Problem to work on: Omit all pictures. Quote the lines from the one with "Imagem 14: Casa" through the end of the listing below, exactly as they appear.

Exercise data:
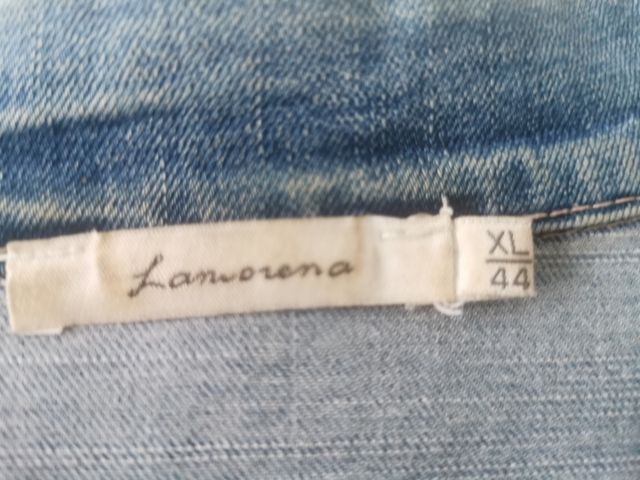 Cazadora Vaquera Bordada La Morena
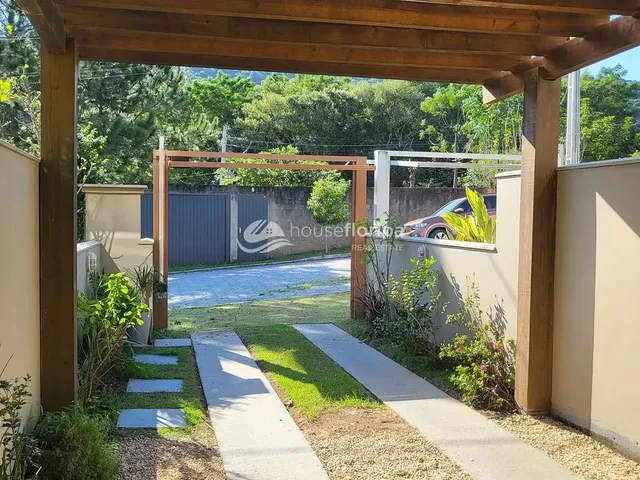 Imagem 14: Casa Aconchegante e Mobiliada com 3 Suítes, em Localização Privilegiada, À Venda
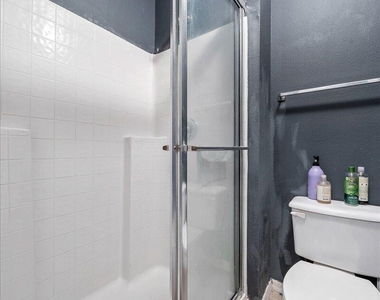 4635 Elena Way - Photo Thumbnail 16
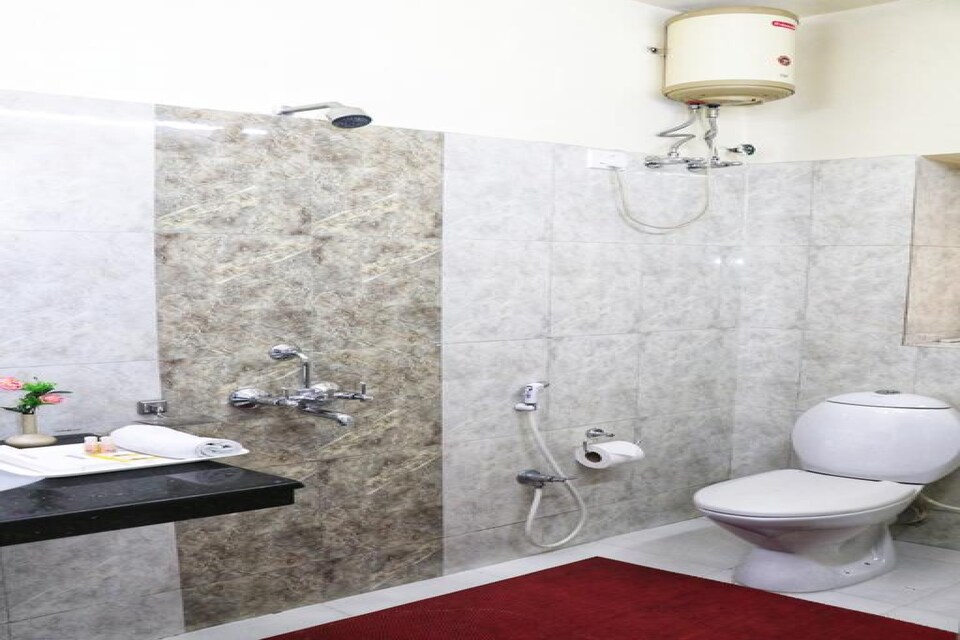 OYO 80793 Motisarai, Park Circus Kolkata, Kolkata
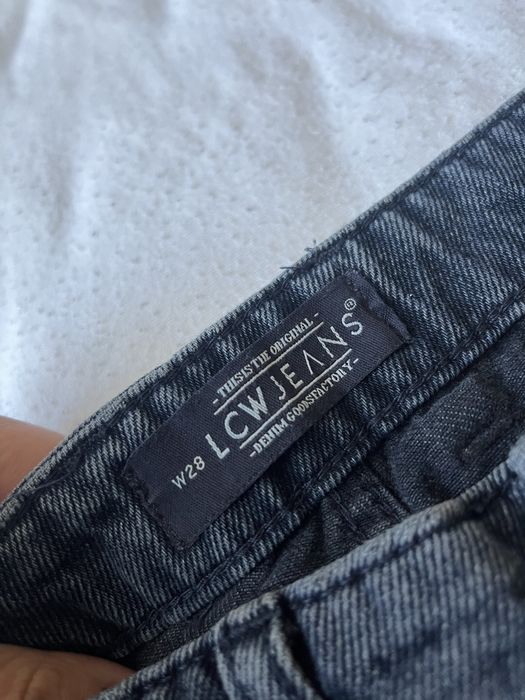 Тъмносини дънкови шорти LCW – W28, отлично състояние, 30лв.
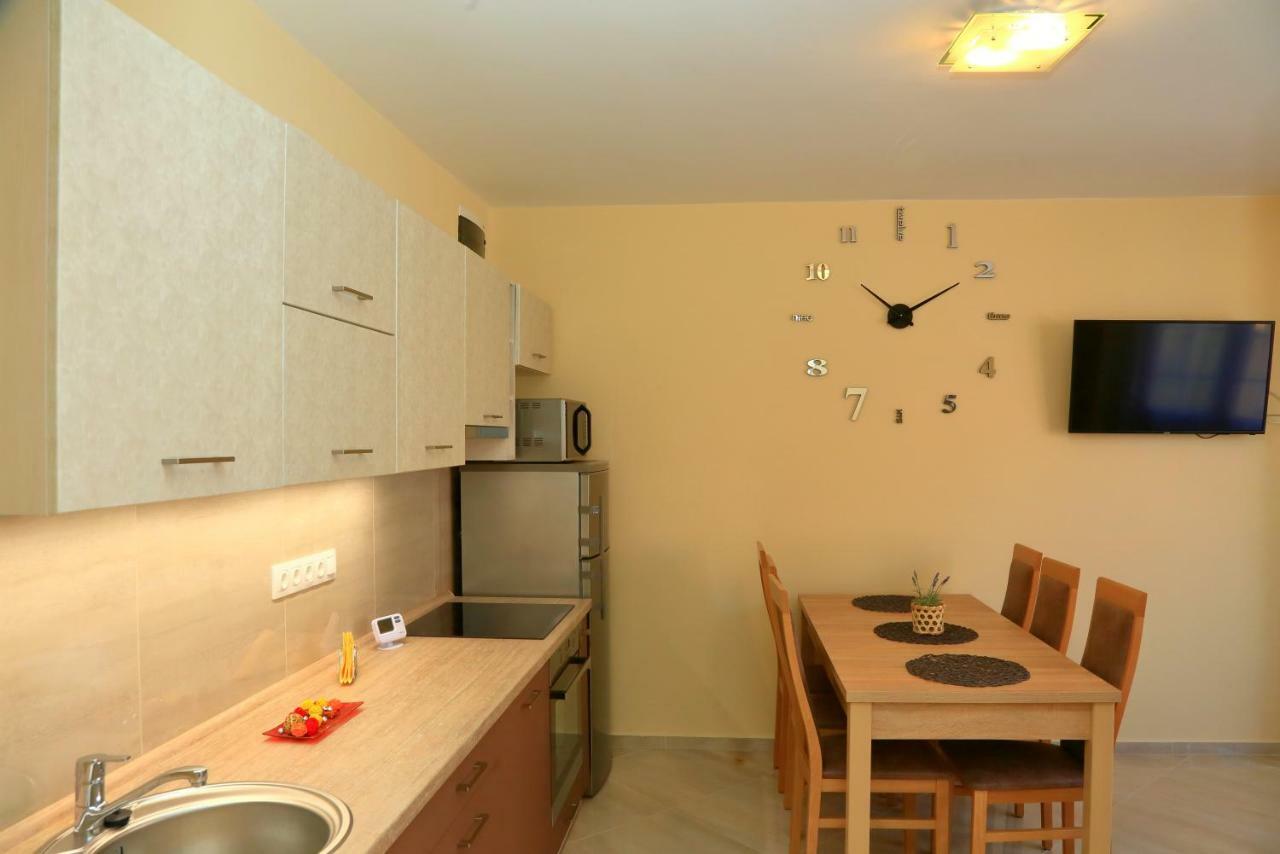 Maria Apartman Pécs Exterior foto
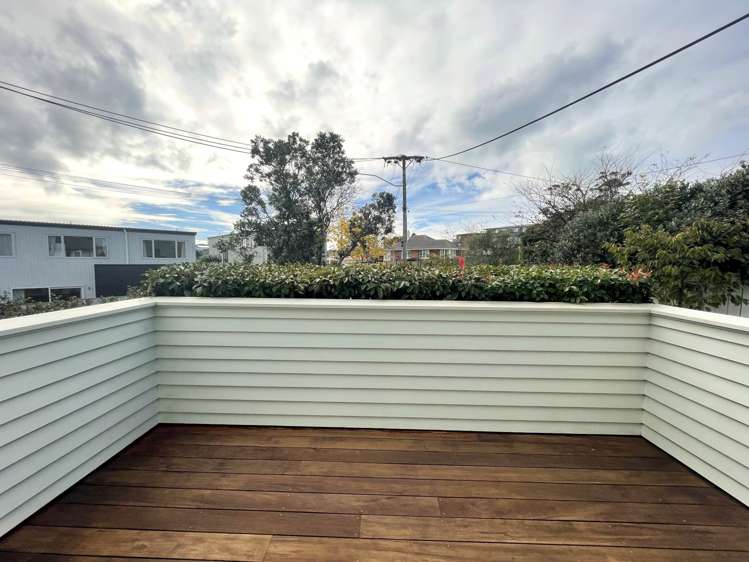 9 Tui Street Belmont_10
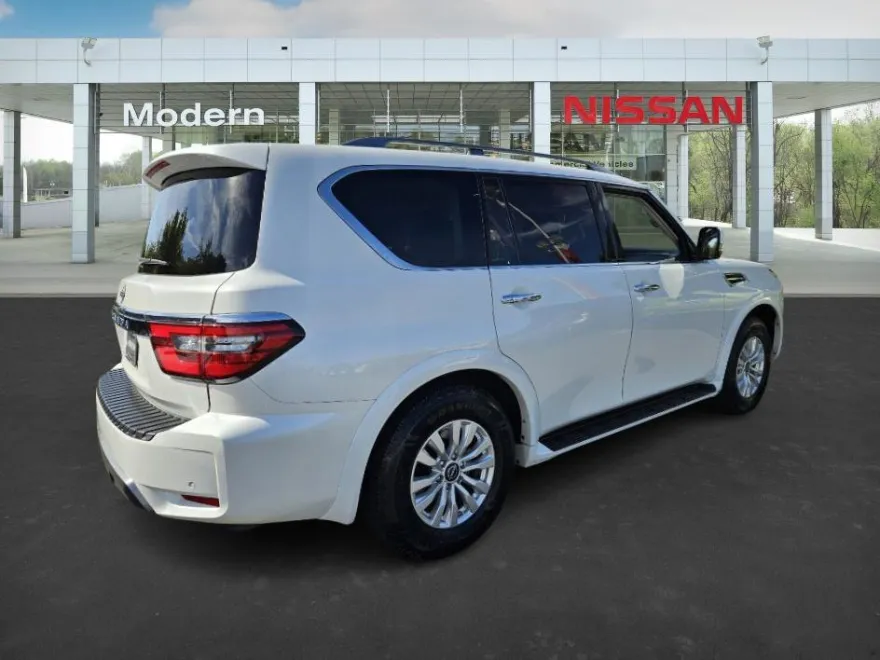 2023 Nissan Armada SV photo 1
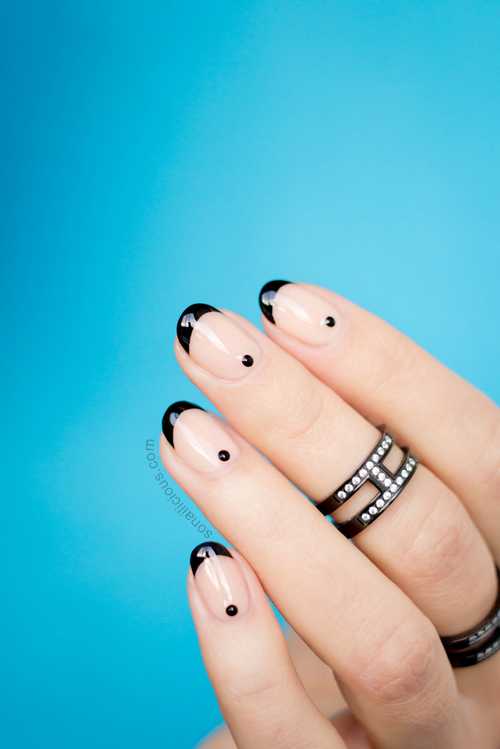 Minimal dot nails: Το πανεύκολο κορυφαίο trend στα νύχια (33)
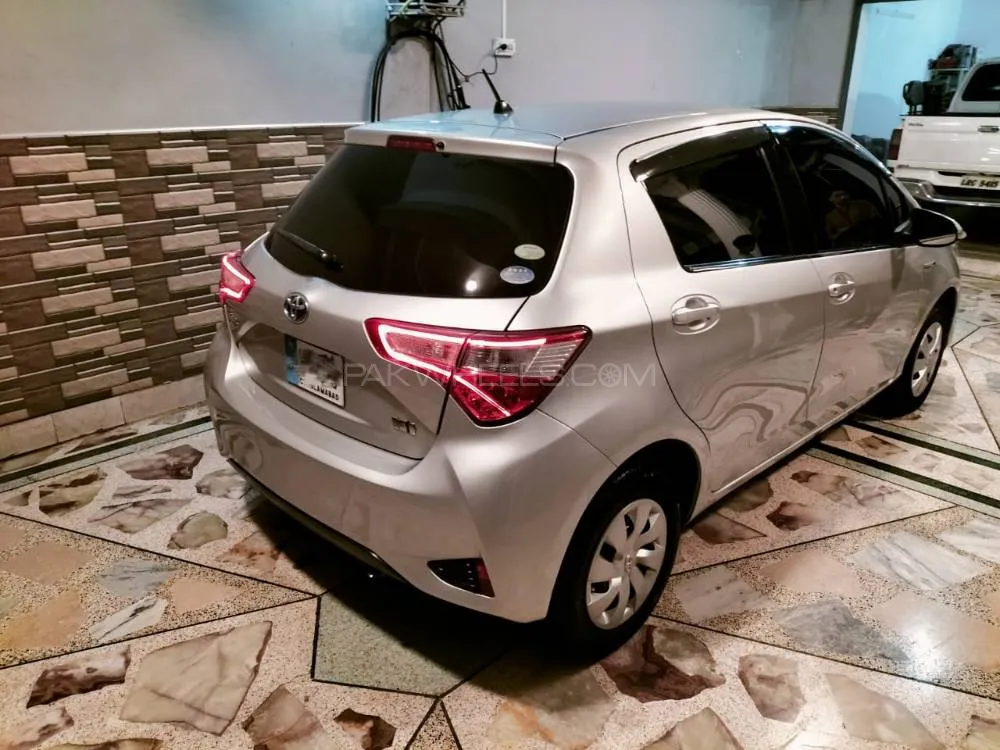 Toyota Vitz 2017 for Sale in Abbottabad Image-1
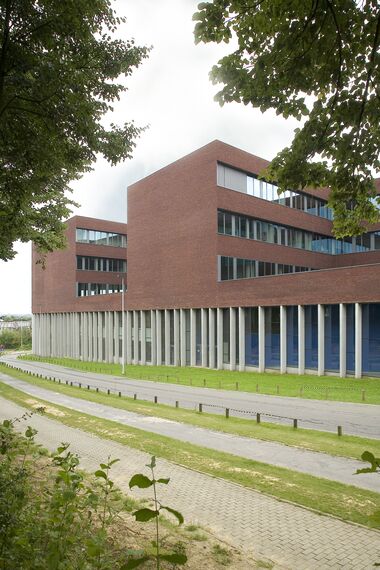 ConceptWall 50 Murs rideaux - Ecole/Collège/Lycée Faculteit REGA - V&V Leuven situé à Leuven, Belgique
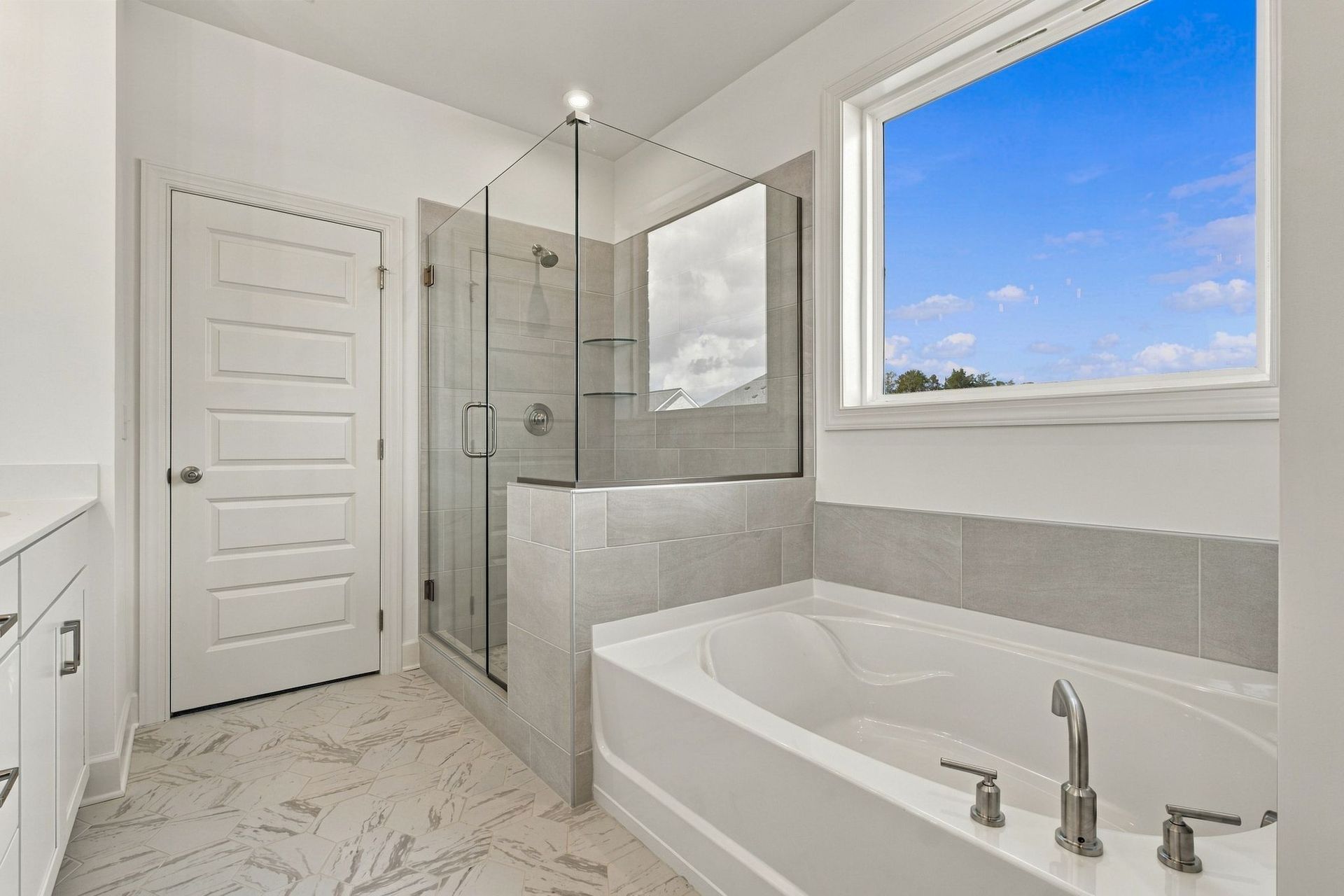 Ashford Primary Bathroom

Reply:
 Imagem 14: Casa Aconchegante e Mobiliada com 3 Suítes, em Localização Privilegiada, À Venda
 4635 Elena Way - Photo Thumbnail 16
 OYO 80793 Motisarai, Park Circus Kolkata, Kolkata
 Тъмносини дънкови шорти LCW – W28, отлично състояние, 30лв.
 Maria Apartman Pécs Exterior foto
 9 Tui Street Belmont_10
 2023 Nissan Armada SV photo 1
 Minimal dot nails: Το πανεύκολο κορυφαίο trend στα νύχια (33)
 Toyota Vitz 2017 for Sale in Abbottabad Image-1
 ConceptWall 50 Murs rideaux - Ecole/Collège/Lycée Faculteit REGA - V&V Leuven situé à Leuven, Belgique
 Ashford Primary Bathroom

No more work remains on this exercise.